§ What is expected: The output must be exactly the lines from the "Elta Ego Functional Dark & Stormy" line through the end of the listing below, with no picture included.

§ Data for the task:
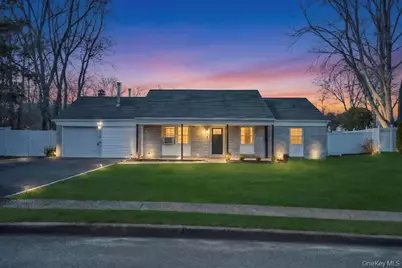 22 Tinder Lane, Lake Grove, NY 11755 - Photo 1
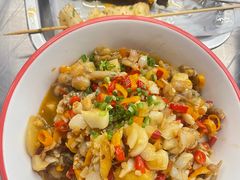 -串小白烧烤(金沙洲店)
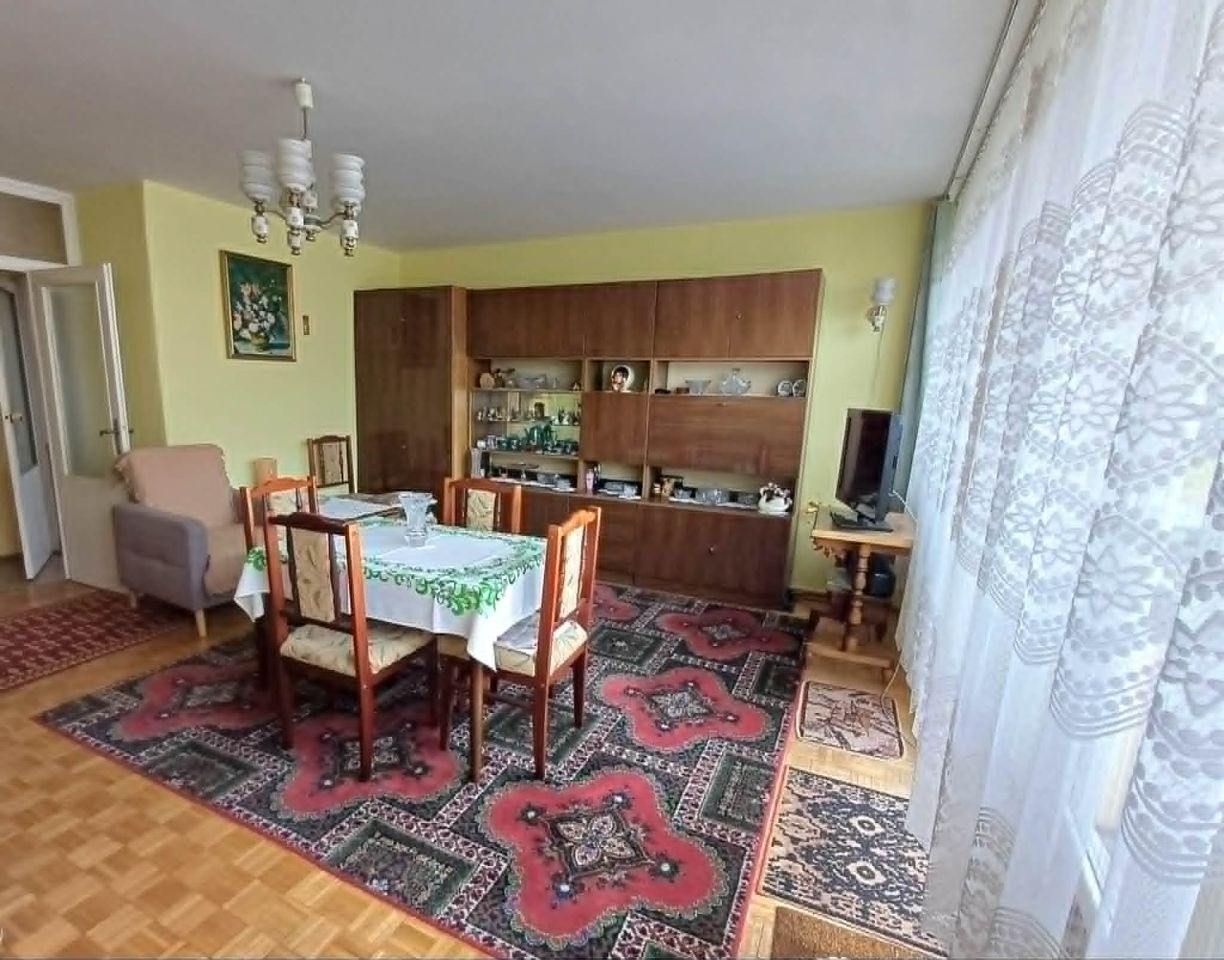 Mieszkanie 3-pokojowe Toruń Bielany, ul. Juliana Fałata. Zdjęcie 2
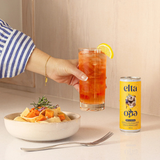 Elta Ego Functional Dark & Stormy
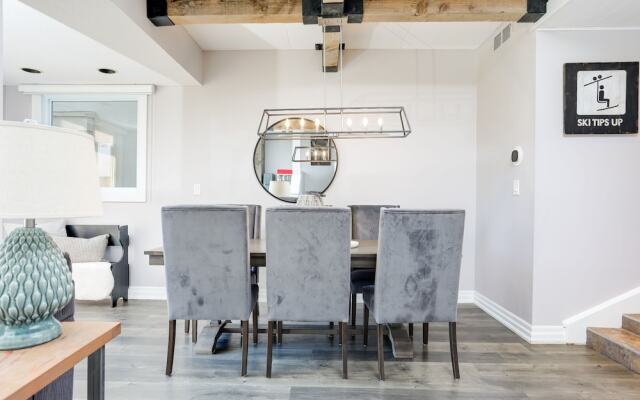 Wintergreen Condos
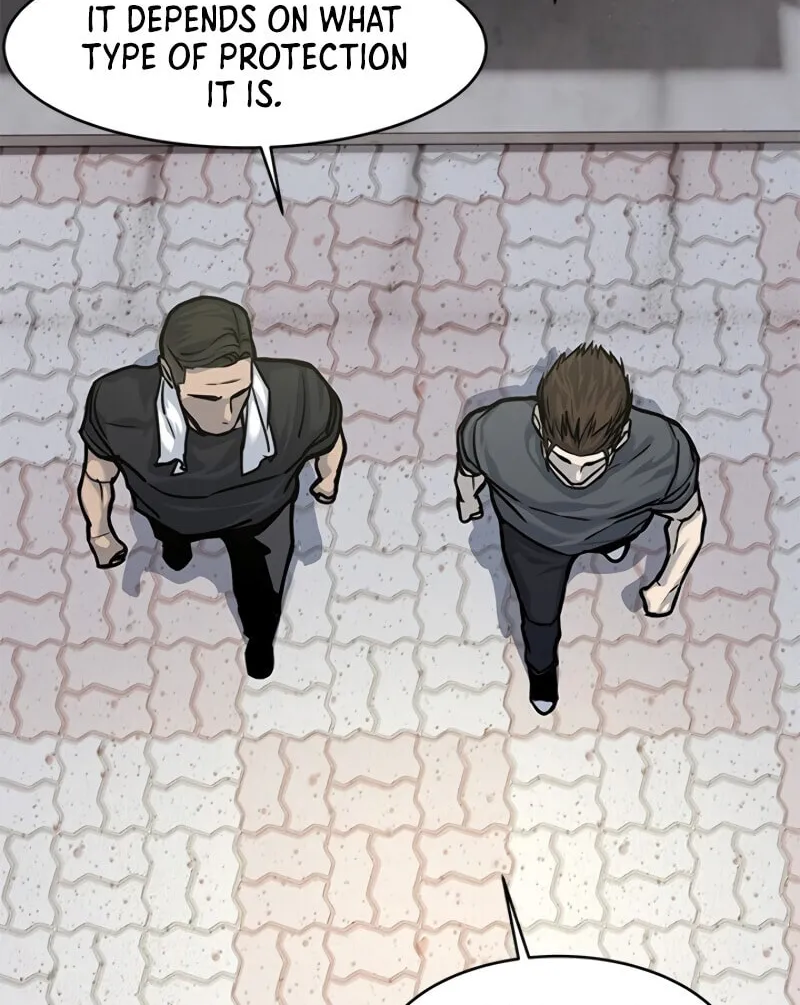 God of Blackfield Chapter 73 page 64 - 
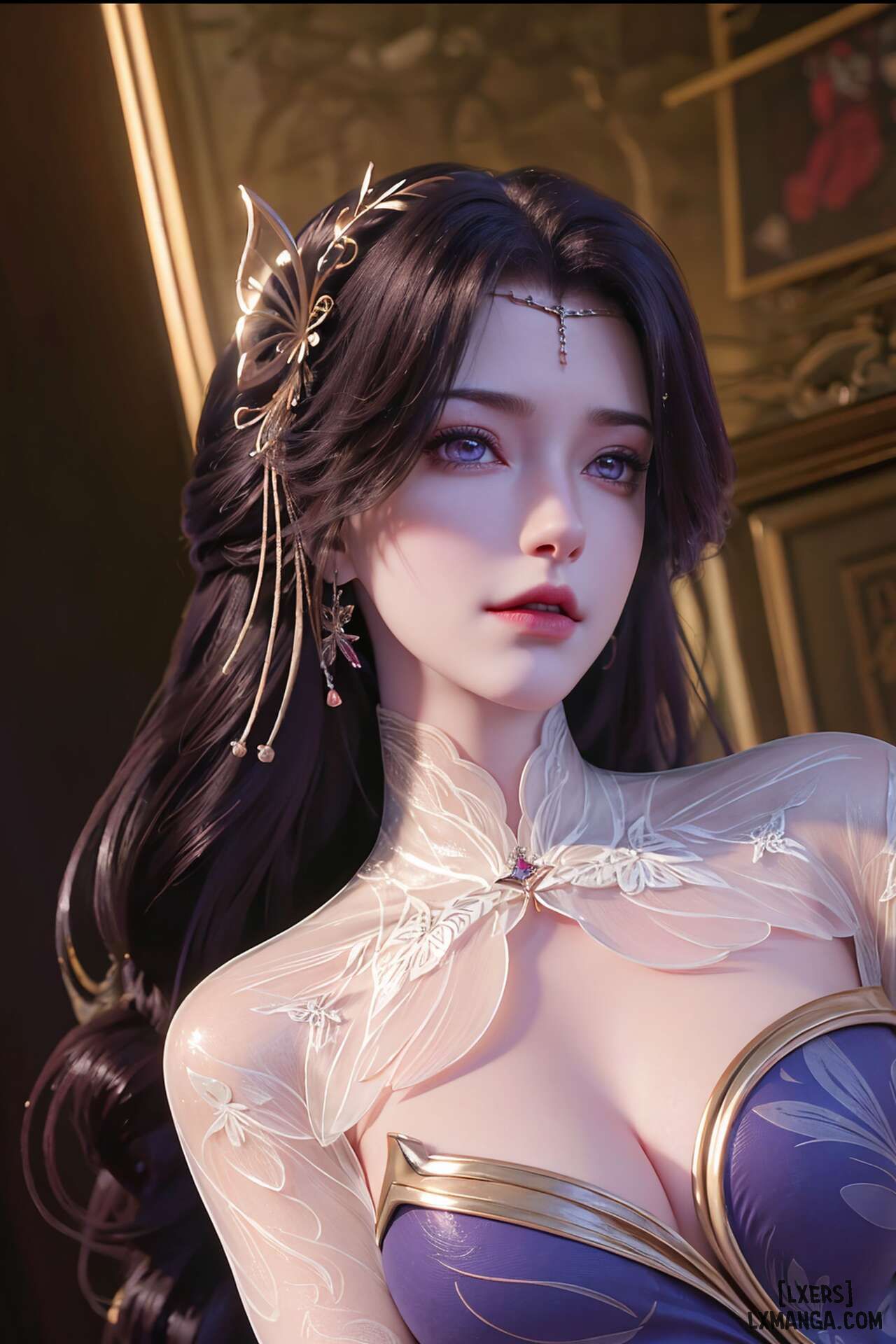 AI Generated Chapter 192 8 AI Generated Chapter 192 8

§ Expected answer:
 Elta Ego Functional Dark & Stormy
 Wintergreen Condos
 God of Blackfield Chapter 73 page 64 - 
 AI Generated Chapter 192 8 AI Generated Chapter 192 8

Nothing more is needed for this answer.